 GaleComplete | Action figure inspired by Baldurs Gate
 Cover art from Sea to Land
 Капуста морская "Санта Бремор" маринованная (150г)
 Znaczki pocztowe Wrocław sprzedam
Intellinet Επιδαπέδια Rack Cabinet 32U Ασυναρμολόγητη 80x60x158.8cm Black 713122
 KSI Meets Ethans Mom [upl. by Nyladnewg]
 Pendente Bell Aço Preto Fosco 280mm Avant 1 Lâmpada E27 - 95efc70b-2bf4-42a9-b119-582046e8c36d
____
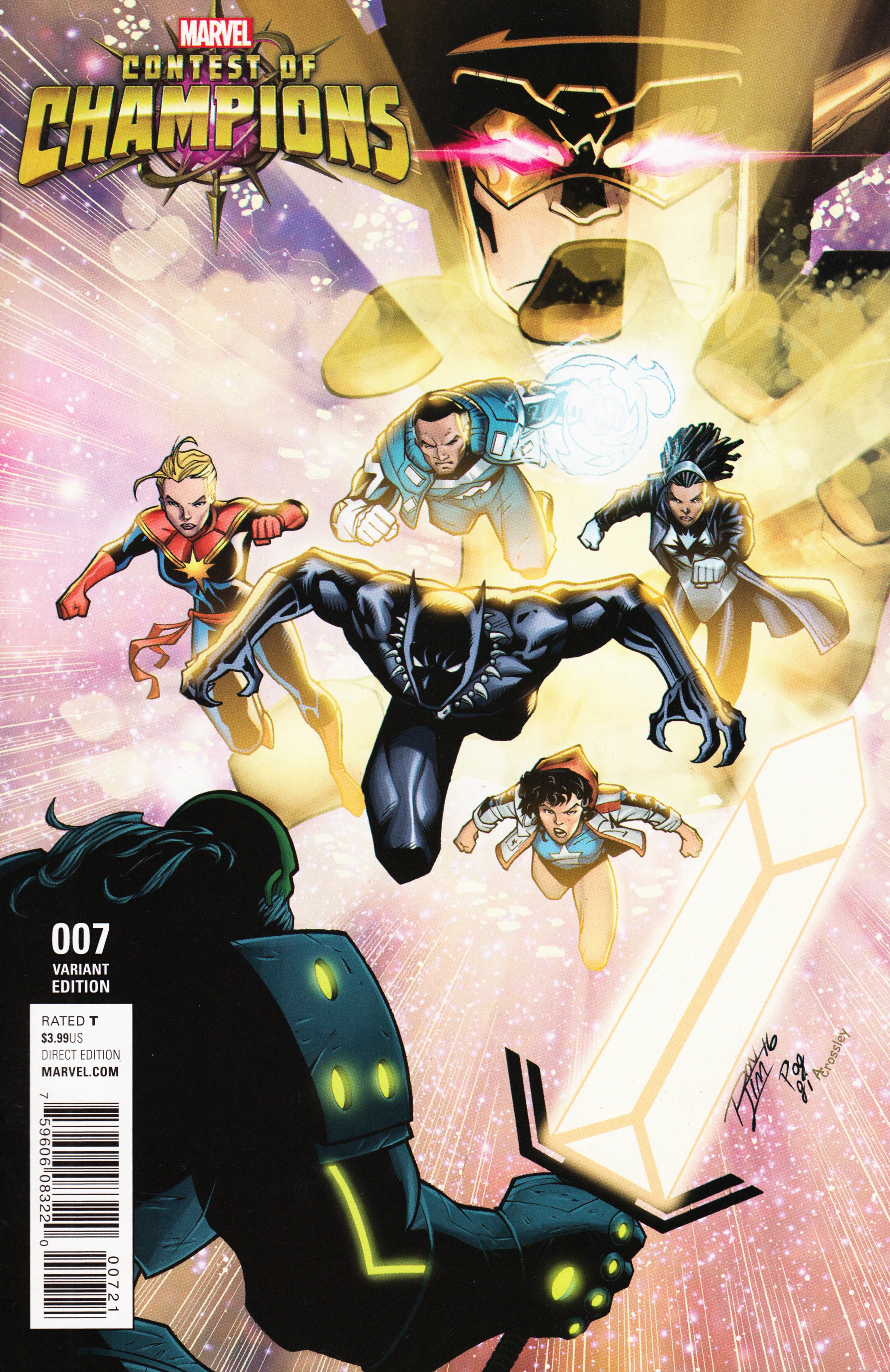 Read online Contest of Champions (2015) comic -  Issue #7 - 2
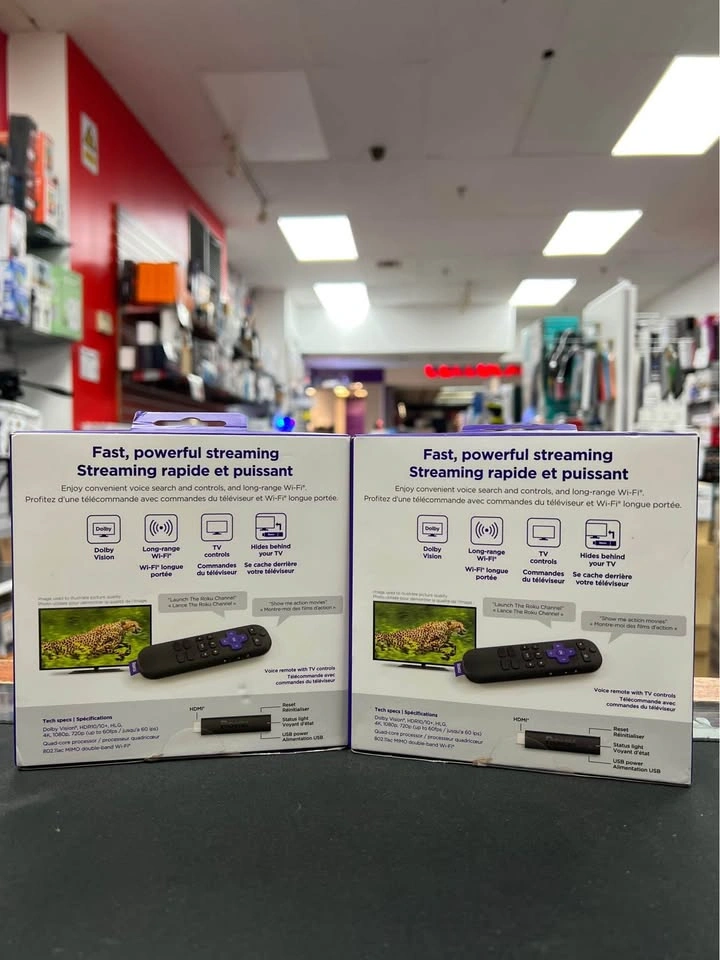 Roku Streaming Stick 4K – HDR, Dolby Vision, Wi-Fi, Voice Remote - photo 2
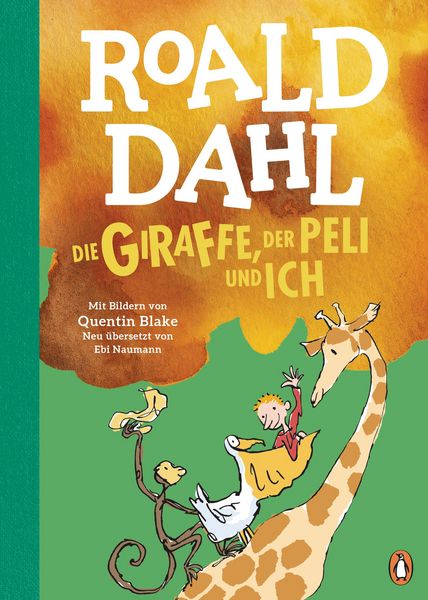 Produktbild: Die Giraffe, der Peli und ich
____
[TO DO]:
Only the lines above from the one with "GaleComplete | Action" through the one with "Pendente Bell Aço" should be duplicated, character for character.

[EXERCISE RESULT]:
 GaleComplete | Action figure inspired by Baldurs Gate
 Cover art from Sea to Land
 Капуста морская "Санта Бремор" маринованная (150г)
 Znaczki pocztowe Wrocław sprzedam
Intellinet Επιδαπέδια Rack Cabinet 32U Ασυναρμολόγητη 80x60x158.8cm Black 713122
 KSI Meets Ethans Mom [upl. by Nyladnewg]
 Pendente Bell Aço Preto Fosco 280mm Avant 1 Lâmpada E27 - 95efc70b-2bf4-42a9-b119-582046e8c36d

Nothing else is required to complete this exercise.